She also said my results suggested I could have autism. That’s what gave me that extra incentive to get tested. I finally got diagnosed when I was 22.
Now, the majority of my friends are on the spectrum. It’s just easier that way.
I joined a creative group led by people with mental health issues. They ran comedy workshops - and that’s what got me into performing.”
“Doing my stand-up, I don’t feel as awkward as I do talking to people socially. It feels really natural to be up there performing.
I don’t have to talk to anyone specifically. I am talking at people. I think that’s the difference.
I’m not constantly thinking, ‘When can I chime in? When is my time to talk? Would it be rude if I said this?’
I take my dogs on stage. They give me extra comedy material.
I also feel calmer being able to stroke them while performing.”
“People remember the comedian with dogs strapped to her body.”
“I'm proud to be autistic.”
Amanda
London, 40 years old, teacher
“To be honest, I don’t really have any friends. People that I call friends are those I’ve met through work or on a Facebook group. But I don’t have any actual friends who I would go out anywhere with.
I don’t like people coming round my house. It’s like my little sanctuary. It probably sounds a bit weird.
My husband’s quite sociable and gets on with everybody - so he’ll go to parties without me. He lets me know they’re happening, but leaves the decision up to me. Ninety-nine per cent of the time I won’t go.
He used to get upset when I refused to go - but now he knows I’m not rejecting him. I just know I can’t put myself in a situation where I’d be very uncomfortable.

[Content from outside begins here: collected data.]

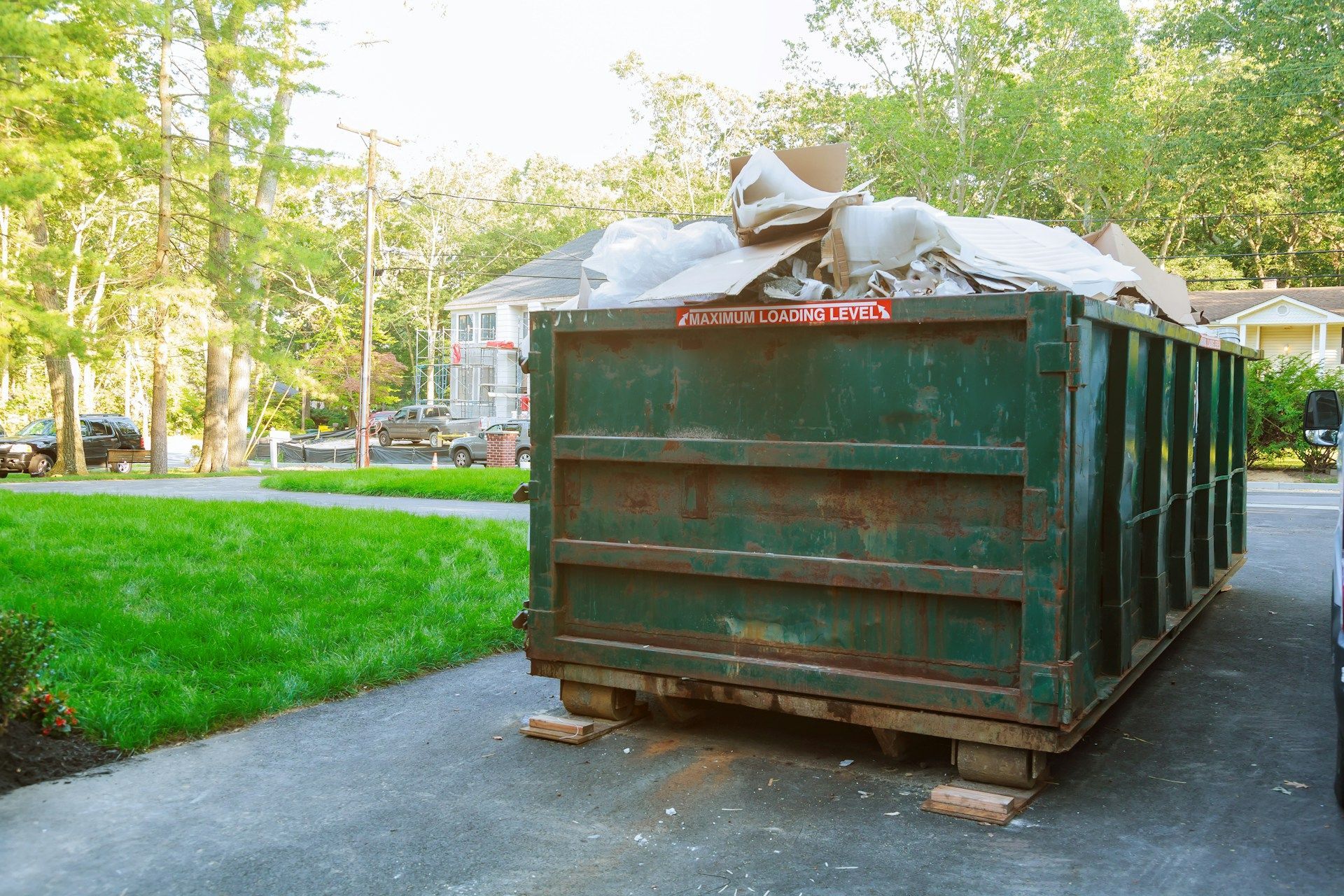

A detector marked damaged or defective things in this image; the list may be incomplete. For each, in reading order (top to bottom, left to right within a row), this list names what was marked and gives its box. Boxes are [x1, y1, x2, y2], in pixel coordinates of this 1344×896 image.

rusty metal dumpster [519, 294, 1252, 784]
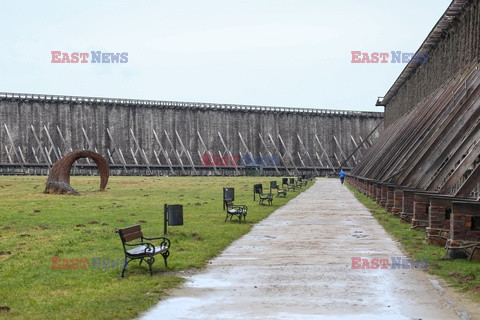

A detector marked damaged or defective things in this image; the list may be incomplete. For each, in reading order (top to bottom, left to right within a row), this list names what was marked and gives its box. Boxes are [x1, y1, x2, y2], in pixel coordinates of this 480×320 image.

rusty metal arch sculpture [44, 151, 109, 194]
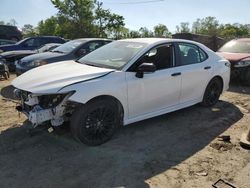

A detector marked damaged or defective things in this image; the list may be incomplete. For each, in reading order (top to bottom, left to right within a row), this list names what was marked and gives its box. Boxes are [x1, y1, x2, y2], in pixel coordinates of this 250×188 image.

crumpled hood [11, 60, 113, 93]
damaged front end [13, 89, 75, 127]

Both of my children are autistic. My daughter was diagnosed when she was 13. My son, who’s 15, got diagnosed when he was four.
I’d been reading up about Asperger’s ahead of teaching an autistic child at school. I realised the characteristics sounded a lot like my son’s.
He’d be on the carpet at school upside-down and facing the wrong way - not looking at people. The teachers didn’t think he was listening but he was taking it all in.
Over time I felt like I really identified with him. I could really understand his thoughts and I started to think, ‘Maybe I have Asperger’s as well?’
I would misinterpret things at the primary school I worked at. I was making mistakes because I didn’t get it. I got to a real low point.
That was when I decided to get an autism assessment. I got the diagnosis in early 2012. It was a relief.
‘Nothing is wrong with me, I’m just autistic,’ I thought.
From then on, I could understand why I struggled with social situations and why I couldn’t make and maintain friendships.
I started to accept myself as I am - because I hadn’t done that up to that point.
Where I grew up, I was the only mixed-race person I knew. It was a white working-class neighbourhood.
People obviously knew my mum was black but they didn’t know what that made me.
I didn’t know what I was either. I was made an outsider because of my race.
My mum’s from St Lucia in the Caribbean and when I went there they didn’t know what to make of me either. I wasn’t a black person to them. They used to call me ‘yellow girl’.
I think St Lucia is now starting to realise there are autistic kids - and that being autistic is not a bad thing. It’s taken a long time - they’re kind of where we were here in the UK about 20 years ago.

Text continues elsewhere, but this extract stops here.